The SNP data set came from 676 swine samples of 21 breeds. The data were collected from a Porcine Colonization of the Americas data set [1] and two data sets of pigs raised in Thailand [2], and Vietnam [3]. All data were put through a data cleansing step. However, there were still some missing values. Those were estimated by a single imputation method. The estimated values were modes of the three datasets that made up our entire dataset. Each sample contains 10,210 SNPs.
The details of each class are shown in the following table.
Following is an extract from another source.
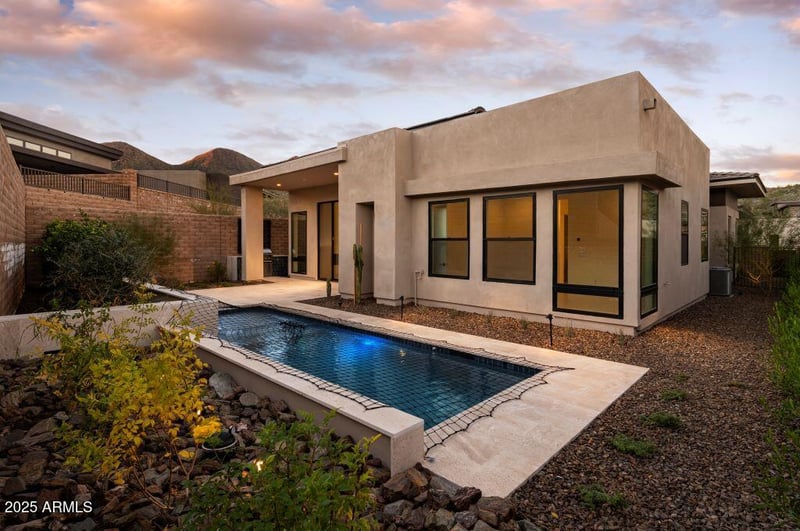 14125 Highland Ave, Fountain Hills, AZ 85268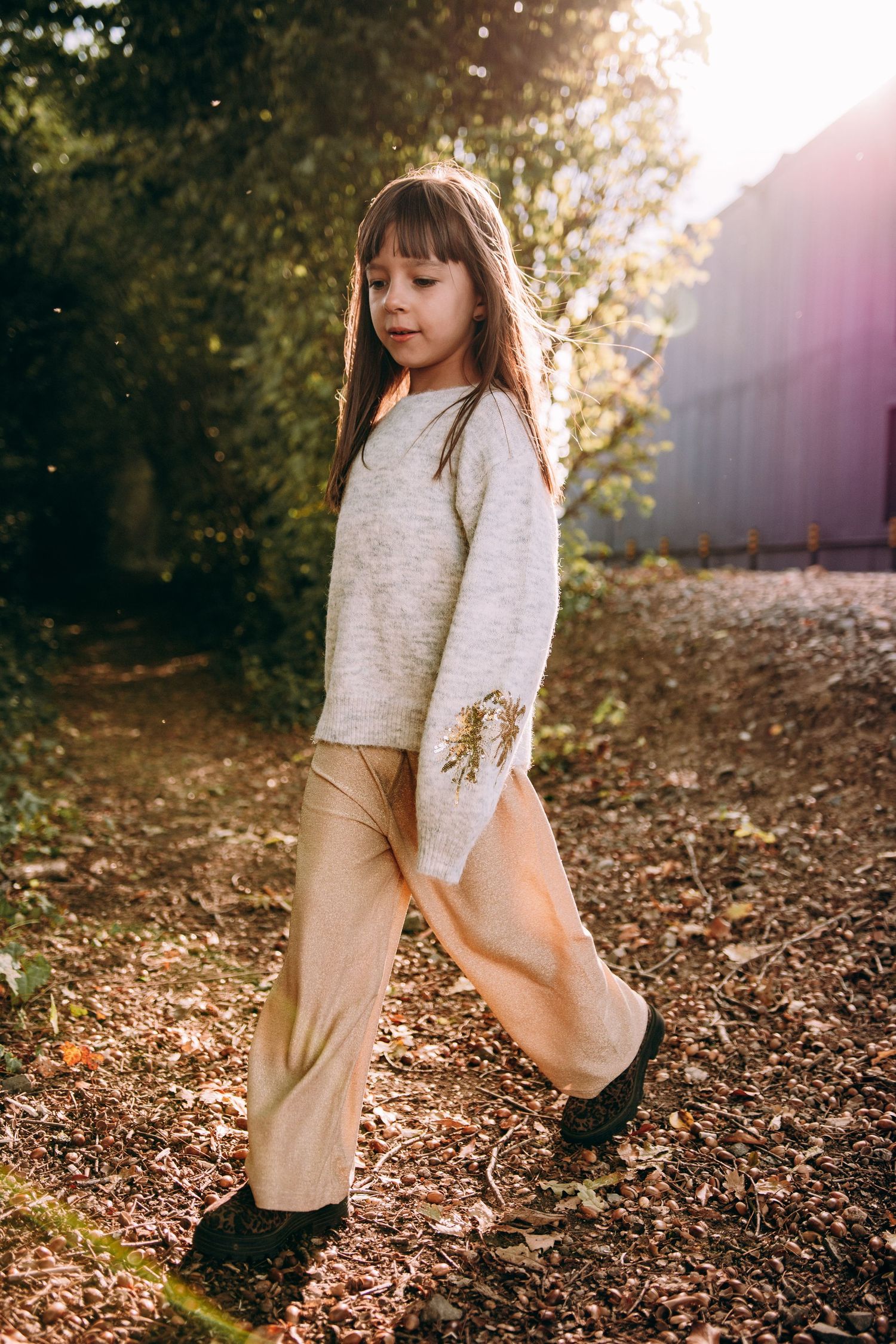 Photographe mariage, portrait, mode
Portrait, Fashion, Editorial, Wedding & Families Photographer
Liège - Bruxelles - Belgique - Europe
Class | Breed | Number of Sample |
---|---|---|
1 | Creole | 90 |
2 | Monteiro | 10 |
3 | Zungo | 10 |
4 | Jiangquhai | 11 |
5 | Jinhua | 16 |
6 | Meishan | 16 |
7 | Xiang pig | 11 |
8 | Iberian | 15 |
9 | Duroc | 44 |
10 | Landrace | 146 |
11 | Largewhite | 149 |
12 | Semi- feral | 10 |
13 | Wild boar | 13 |
14 | Yucatan | 10 |
15 | Mixed breed pig | 48 |
16 | Hampshire | 14 |
17 | Guinea hog | 15 |
18 | HU_TN | 11 |
19 | BA_ME | 11 |
20 | CP_SO | 12 |
21 | Bisaro | 14 |
Total | 676 |
If you are interested in further investigating your own study throughout this dataset, Please cite this article as:
Wanthanee Rathasamuth and Kitsuchart Pasupa, "A Modified Binary Flower Pollination Algorithm: A Fast and Effective Combination of Feature Selection Techniques for SNP Classification", In: Proceedings of the 11th International Conference on Information Technology and Electrical Engineering (ICITEE 2019), 10-11 October 2019, Pattaya, Thailand.
[1] Burgos-Paz, W., et al. (2013), "Porcine colonization of the Americas: a 60k SNP story," Heredity, 110(4):321-330.
[2] Tuangsithtanon, K (2019), "Population structure in porcine," Figshare, Dataset, https://doi.org/10.6084/m9.figshare.8830799.v1.
[3] Ishihara, S., et al. (2018), "Genetic relationships among Vietnamese local pigs investigated using genome‐wide SNP markers," Animal Genetics, 49(1): 86-89.